Messaging exists that causes people to think that destroying the earth is the right thing to do. First Nations have the ability to stop the government in cases where other citizens cannot. Well, maybe not stop, but they can make positive changes where it otherwise wouldn’t happen. Unfortunately, First Nations have far too many fires to fight. In Canada, the Crown controls marine areas, and Aboriginal water title claims are not yet fully claimed. It is a dense process to litigate in practice, but it can be used as a last resort to stop a large development.
What has been the most enriching aspect of your job?
You are making me tear up! Going down to the dock and seeing all of the families fishing together, getting together at the docks and selling all their fish; that is the best part of my job. It is amazing to go down and see all of these people get together in the morning in an open boat, catching fish and unloading, looking at what everyone caught and having a good time. These cultures and cultural practices were once taken away and systematically removed by the Canadian government.
After years and years of work, the rights of the Nuu-chah-nulth First Nations were finally recognized and implemented to the tone of the law by the Department of Fisheries and Oceans.

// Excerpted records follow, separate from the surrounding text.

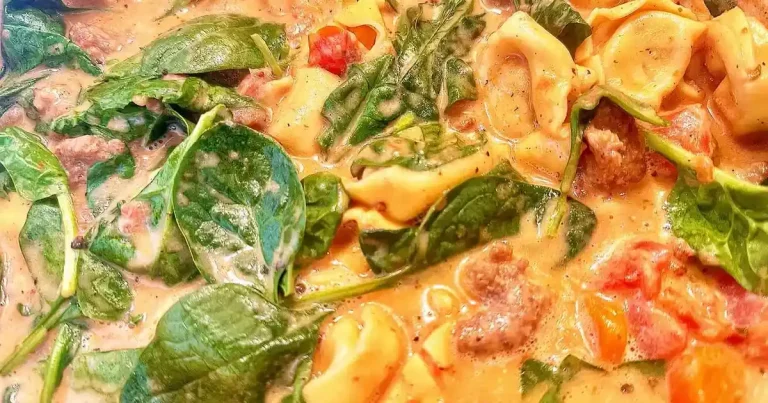 Foto da receita de Sopa Cremosa de Tortellini com Linguiça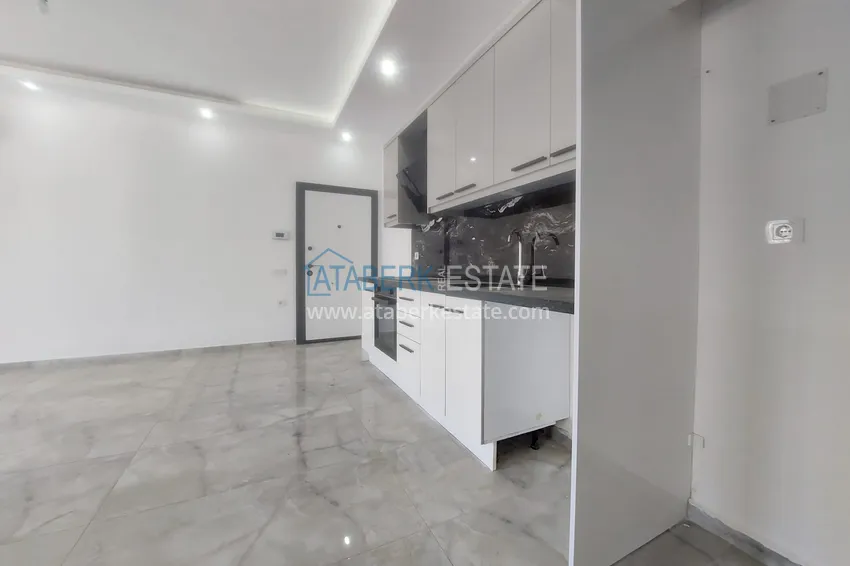 Purchase Cozy 1+1 apartment in the center of Mahmutlar, just 550 meters from the sea 9 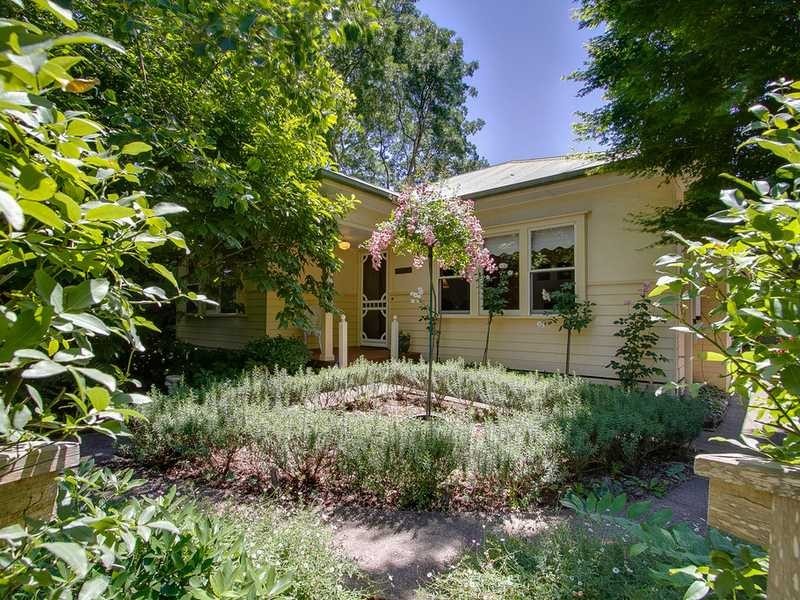 3 Vika Avenue, Monbulk VIC 3793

We know that the rights had always been there, but we had to go through a long period of fighting it out in the court system, for over 10 years.
Now that those rights are recognized and being implemented, the Nuu-chah-nulth First Nations have been able to start building their own economy. It is the culmination of a lot of work, encouragement, and effort by a lot of people. We are starting to see what it actually meant in the end. It comes from persistence, from a lot of people putting a huge amount of effort in to restore a small piece of what was rightfully theirs.